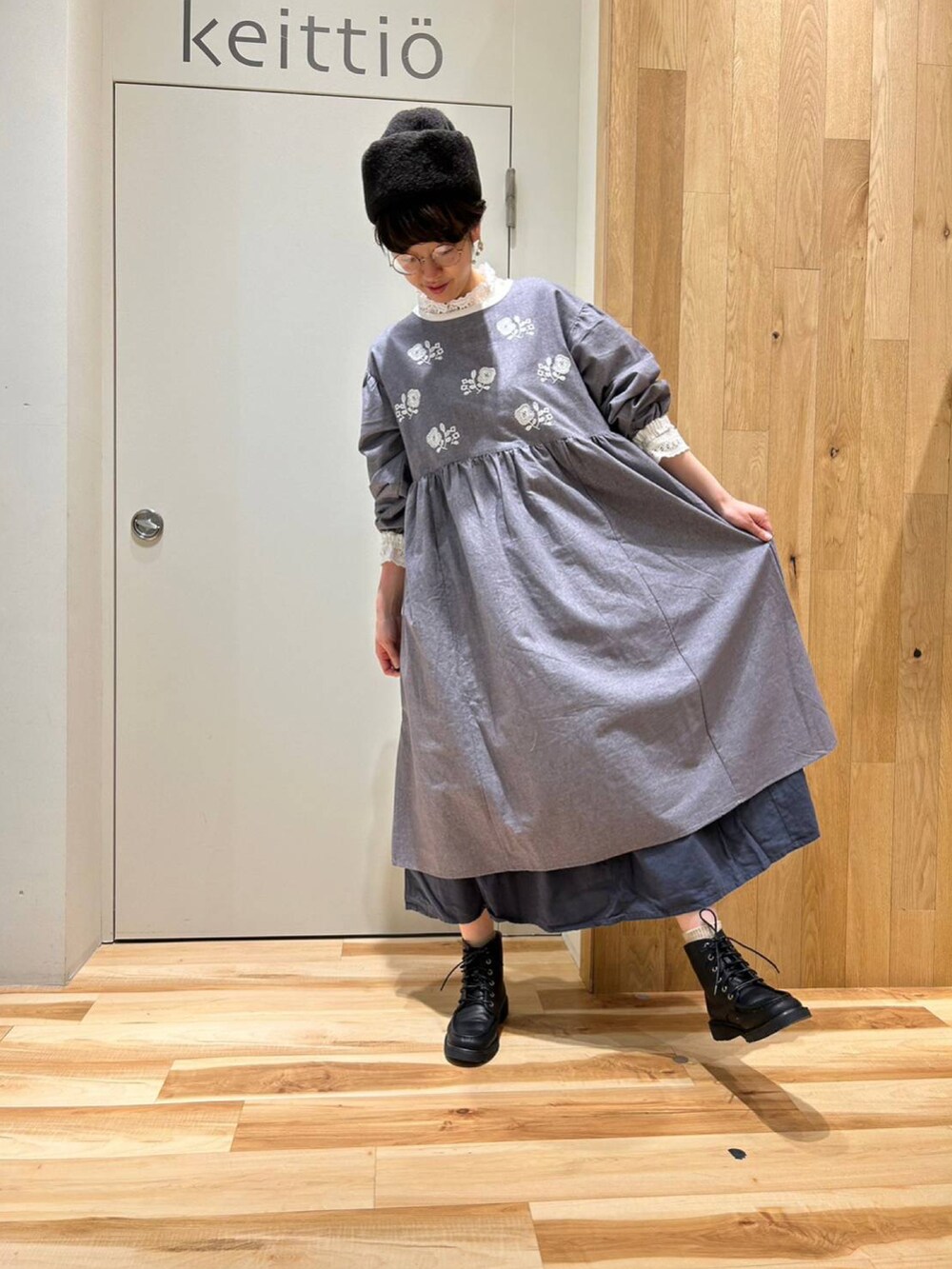 ホワイト系のTシャツ/カットソー、ブルー系のワンピース/ドレス、ブルー系のスカートを着用したレディースの秋コーディネートの2枚目の写真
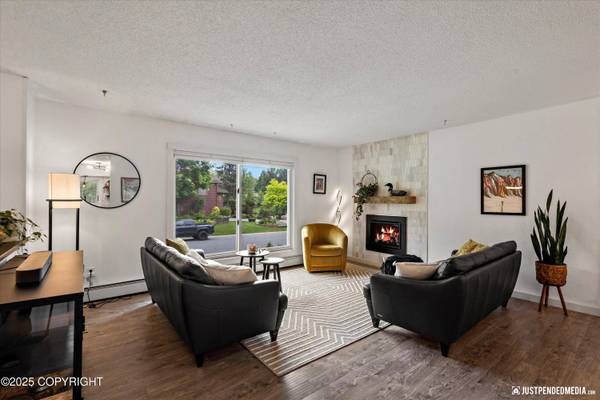 3842 Wesleyan DR, Anchorage, AK 99508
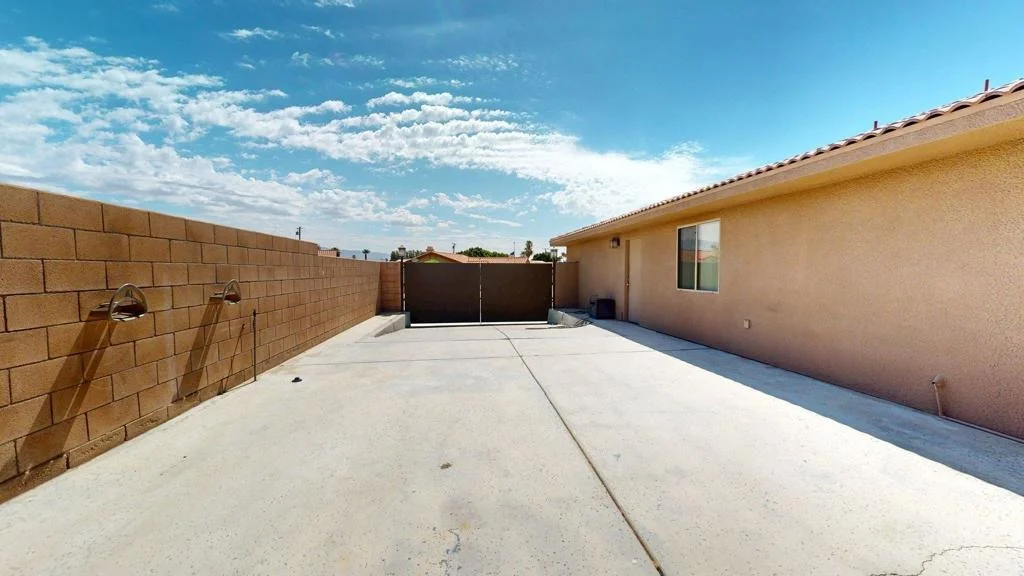 Photo of 41443 Balaclava Drive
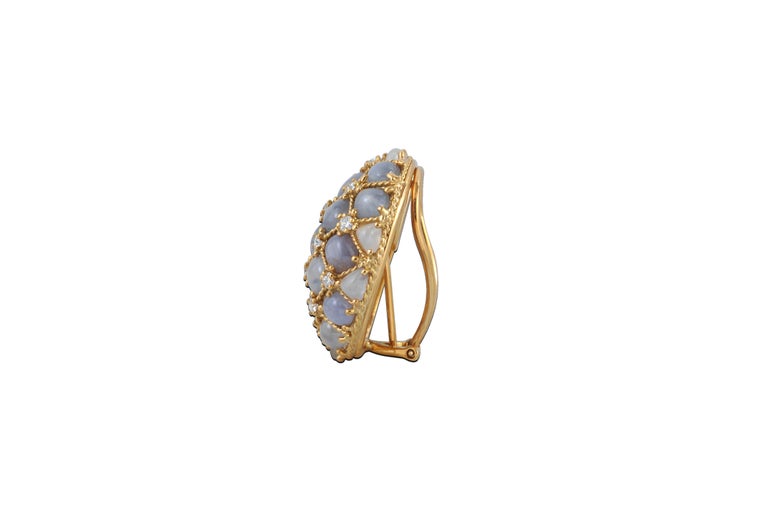 JE0932R - Star Sapphire & Diamond Earrings Set in 18 Karat Yellow Gold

***

[Assignment]
Return every line above exactly, omitting images.

[Answer space]
 ホワイト系のTシャツ/カットソー、ブルー系のワンピース/ドレス、ブルー系のスカートを着用したレディースの秋コーディネートの2枚目の写真
 3842 Wesleyan DR, Anchorage, AK 99508
 Photo of 41443 Balaclava Drive
 JE0932R - Star Sapphire & Diamond Earrings Set in 18 Karat Yellow Gold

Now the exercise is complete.